Scan the records below for the line with "Stack of silver" and the line with "Sarışın bir bikini", and retype that range exactly, both ends included, pictures excepted.

● **RECORDS FOR THIS TASK**:
Content starts

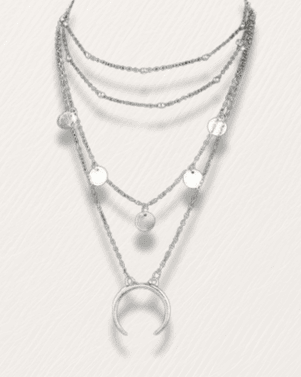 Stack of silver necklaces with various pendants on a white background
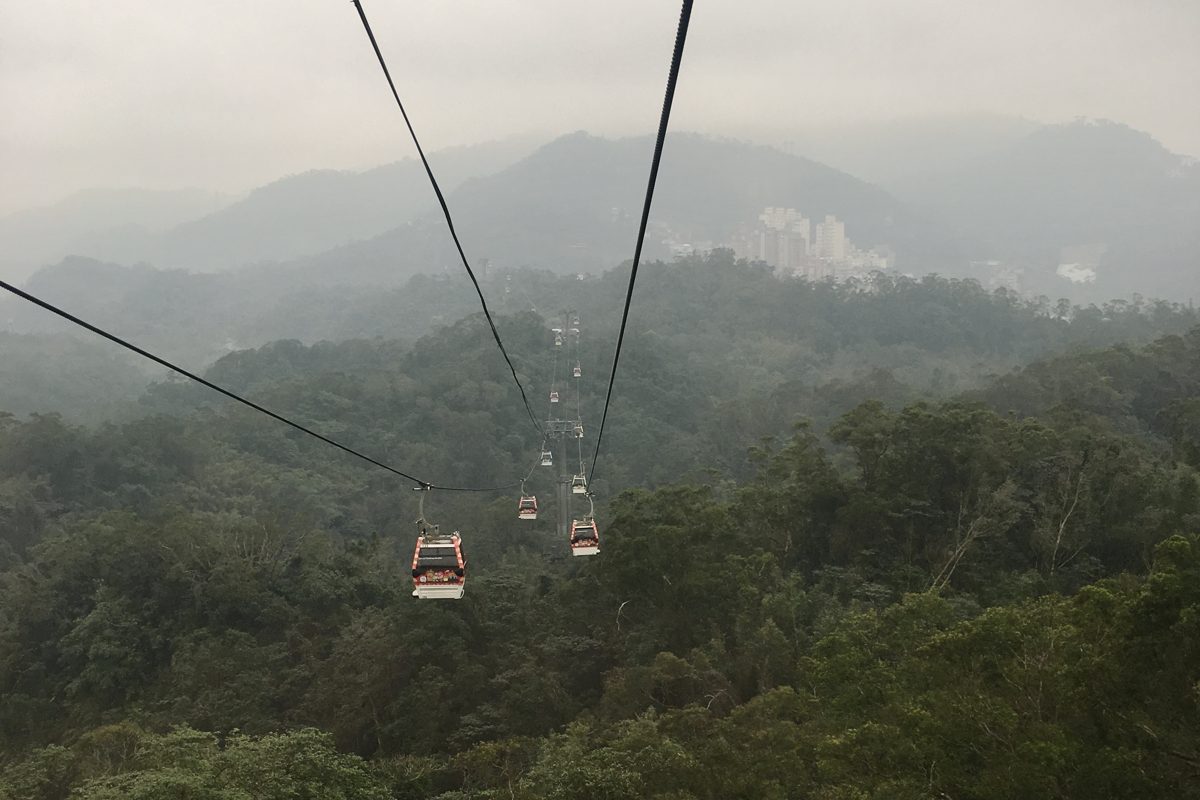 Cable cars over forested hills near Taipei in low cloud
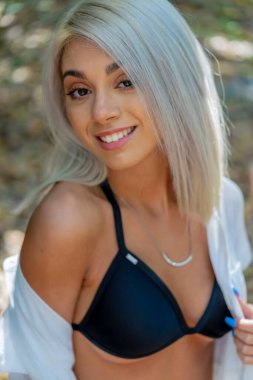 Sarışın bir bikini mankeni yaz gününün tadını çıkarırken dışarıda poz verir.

Content ends
Content starts

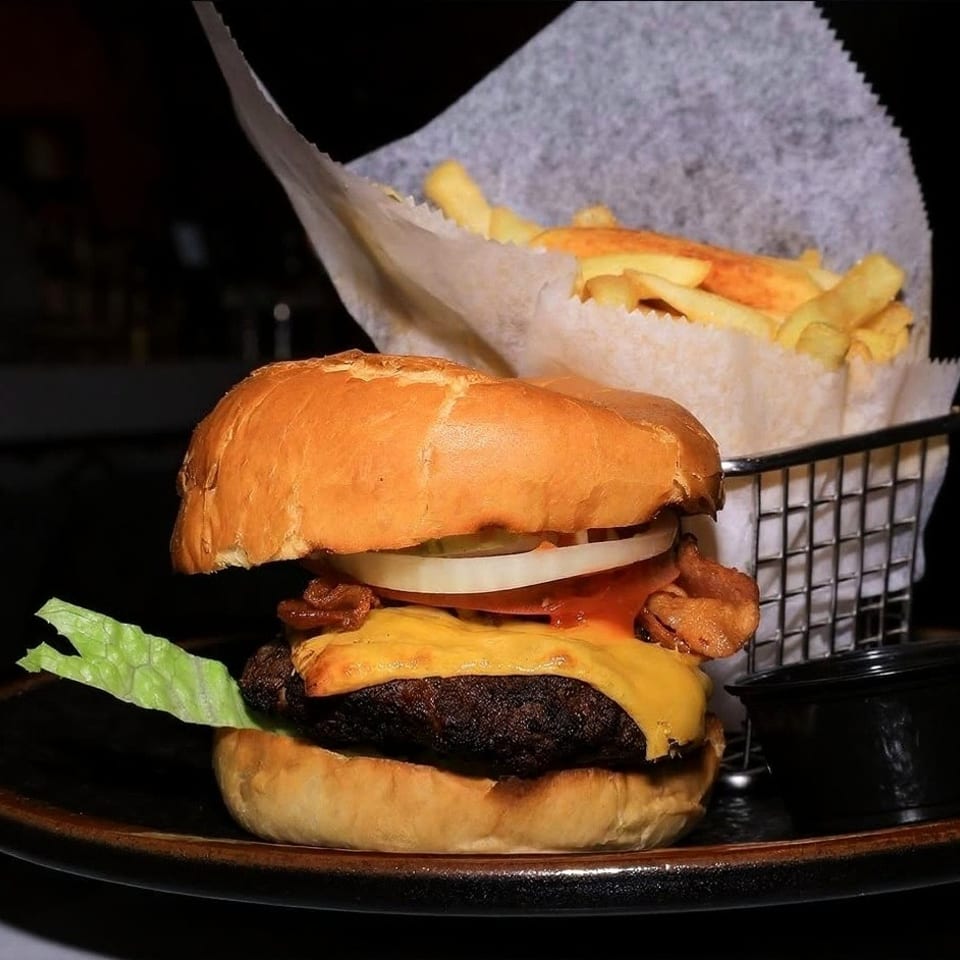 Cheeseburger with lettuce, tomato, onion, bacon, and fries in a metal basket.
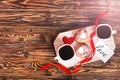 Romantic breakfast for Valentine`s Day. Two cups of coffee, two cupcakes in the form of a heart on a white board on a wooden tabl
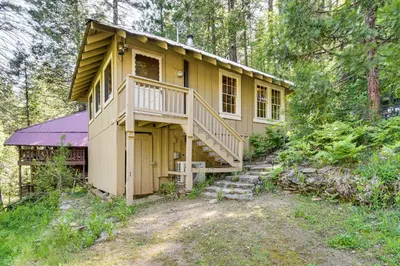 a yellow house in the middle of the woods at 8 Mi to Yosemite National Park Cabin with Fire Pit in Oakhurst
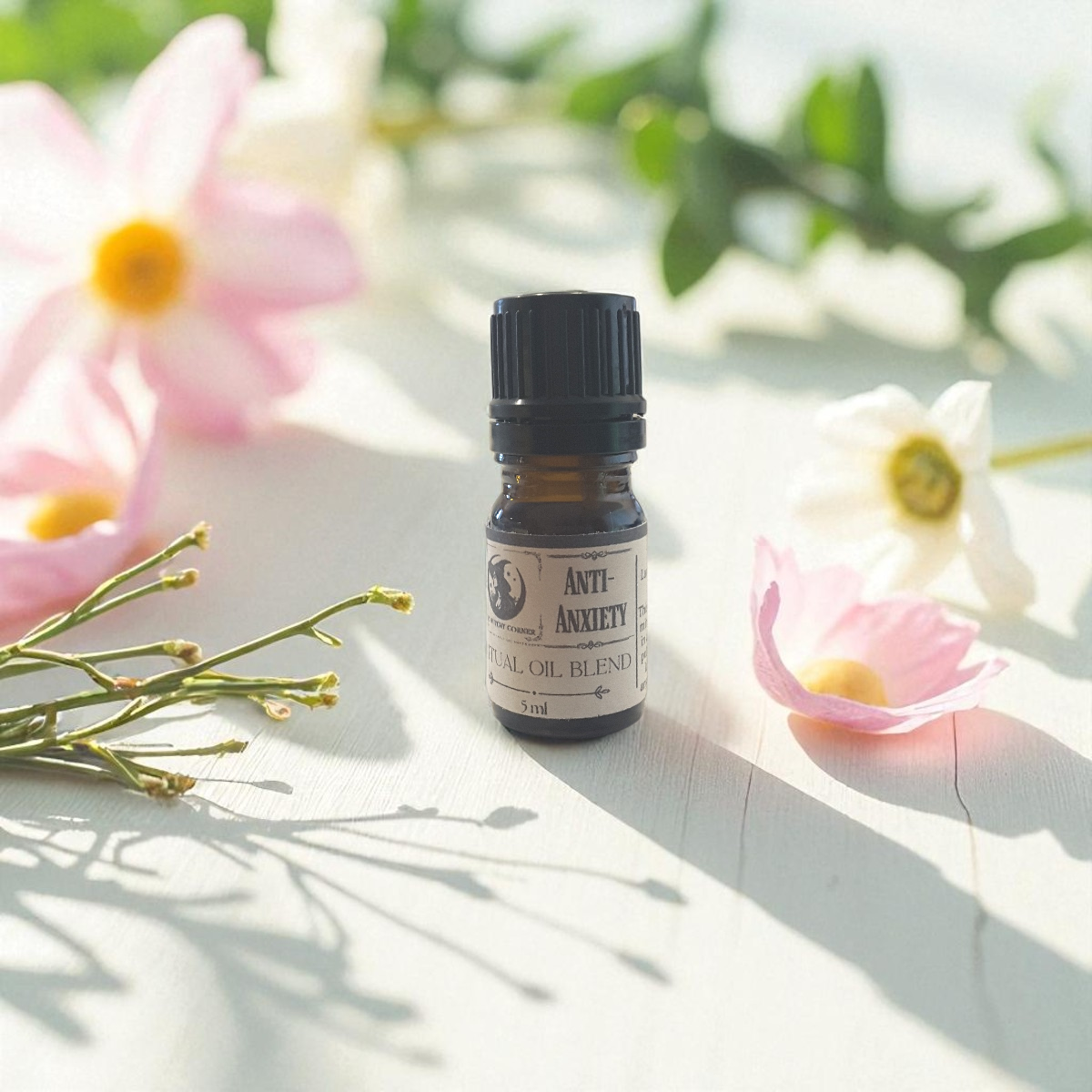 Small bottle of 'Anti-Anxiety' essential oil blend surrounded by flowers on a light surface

Content ends

● **ANSWER TO THIS TASK**:
 Stack of silver necklaces with various pendants on a white background
 Cable cars over forested hills near Taipei in low cloud
 Sarışın bir bikini mankeni yaz gününün tadını çıkarırken dışarıda poz verir.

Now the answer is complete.